Re: [patch] sched: auto-tune migration costs [was: Re: Industry db benchmark result on recent 2.6 kernels]

Three more observations.

 1) The slowest measure_one() calls are, not surprisingly, those for the
    largest sizes.  At least on my test system of the moment, the plot
    of cost versus size has one major maximum (a one hump camel, not two).
    
    Seems like if we computed from smallest size upward, instead of largest
    downward, and stopped whenever two consecutive measurements were less
    than say 70% of the max seen so far, then we could save a nice chunk
    of the time.

    Of course, if two hump systems exist, this is not reliable on them.

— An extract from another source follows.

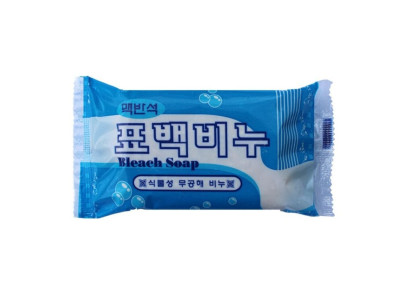 버블 맥반석 표백비누 세탁비누 240g 살균비누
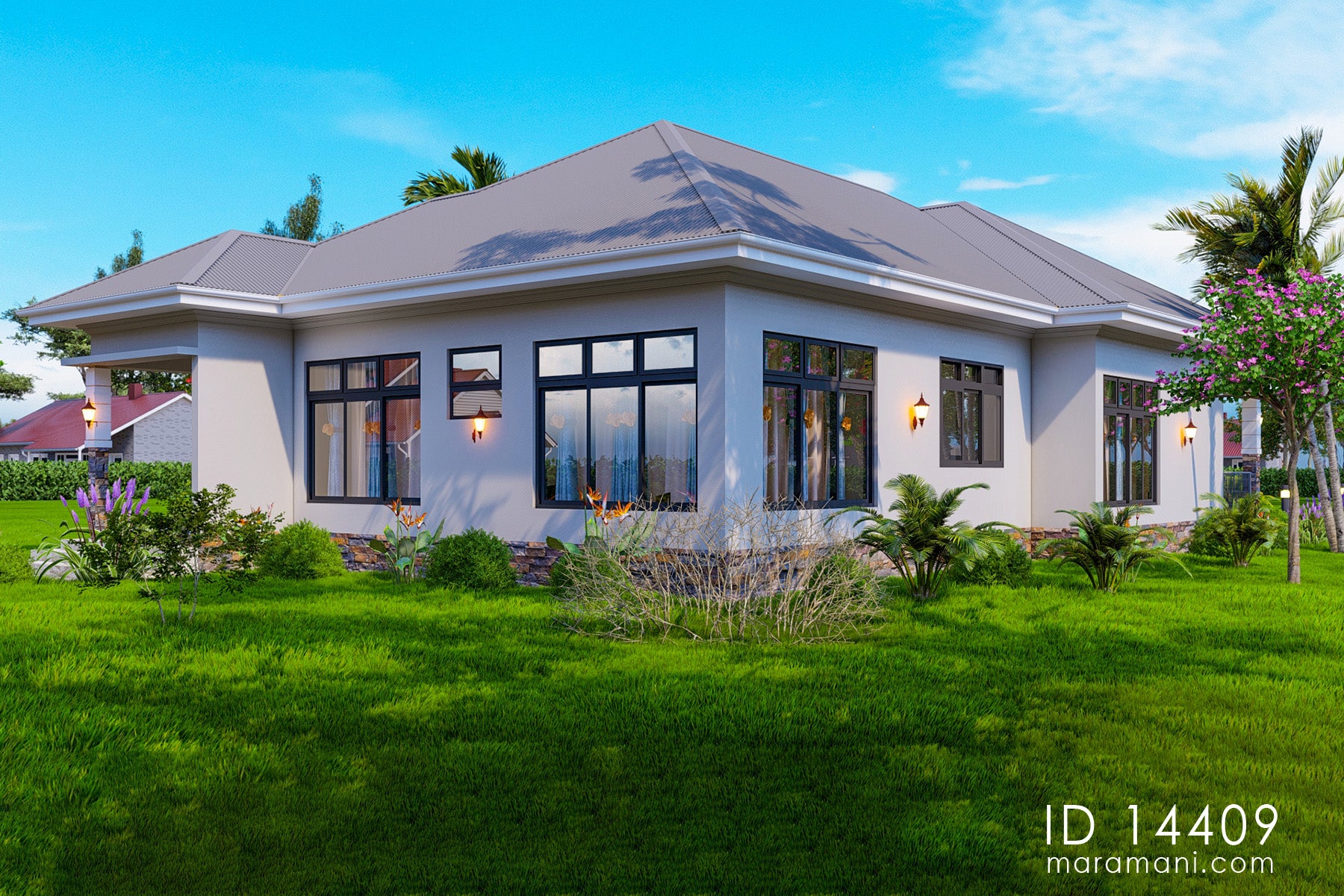4-bedroom House Plan - ID 14409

 2) Trivial warning fix for printf format mismatch:

=================================== begin ===================================
--- 2.6.12-rc1-mm4.orig/kernel/sched.c  2005-04-03 06:32:34.000000000 -0700
+++ 2.6.12-rc1-mm4/kernel/sched.c       2005-04-03 06:34:07.000000000 -0700
@@ -5211,7 +5211,7 @@ void __devinit calibrate_migration_costs
 #ifdef CONFIG_X86
                        cpu_khz/1000
 #else
-                       -1
+                       -1L
 #endif
                );
        printk("---------------------\n");
==================================== end ====================================


 3) I was noticing that my test system was only showing a couple of distinct
    values for cpu_distance, even though it has 4 distinct distances for
    values of node_distance.  So I coded up a variant of cpu_distance that
    converts the problem to a node_distance problem, and got the following
    cost matrix:

=================================== begin ===================================
Total of 8 processors activated (15515.64 BogoMIPS).
---------------------
migration cost matrix (max_cache_size: 0, cpu: -1 MHz):
---------------------
          [00]    [01]    [02]    [03]    [04]    [05]    [06]    [07]
[00]:     -     4.0(0) 21.7(1) 21.7(1) 25.2(2) 25.2(2) 25.3(3) 25.3(3)
[01]:   4.0(0)    -    21.7(1) 21.7(1) 25.2(2) 25.2(2) 25.3(3) 25.3(3)
[02]:  21.7(1) 21.7(1)    -     4.0(0) 25.3(3) 25.3(3) 25.2(2) 25.2(2)
[03]:  21.7(1) 21.7(1)  4.0(0)    -    25.3(3) 25.3(3) 25.2(2) 25.2(2)
[04]:  25.2(2) 25.2(2) 25.3(3) 25.3(3)    -     4.0(0) 21.7(1) 21.7(1)
[05]:  25.2(2) 25.2(2) 25.3(3) 25.3(3)  4.0(0)    -    21.7(1) 21.7(1)
[06]:  25.3(3) 25.3(3) 25.2(2) 25.2(2) 21.7(1) 21.7(1)    -     4.0(0)
[07]:  25.3(3) 25.3(3) 25.2(2) 25.2(2) 21.7(1) 21.7(1)  4.0(0)    -
---------------------
cacheflush times [4]: 4.0 (4080540) 21.7 (21781380) 25.2 (25259428) 25.3 (25372682)
---------------------
==================================== end ====================================


    The code (below) is twice as complicated, the runtime twice as long,
    and it's less intuitive - sched_domains seems more appropriate as
    the basis for migration costs than the node distances in SLIT tables.
    Finally, I don't know if distinguishing between costs of 21.7 and
    25.3 is worth much.

    So the case for switching to this node_distance base is less than
    persuasive, to put it politely.

    Perhaps it's only real value is in highlighting that perhaps the
    code to setup the sched_domain topology on our ia64 SN2 Altix systems
    is too coarse, given that it only found two distance values, not four.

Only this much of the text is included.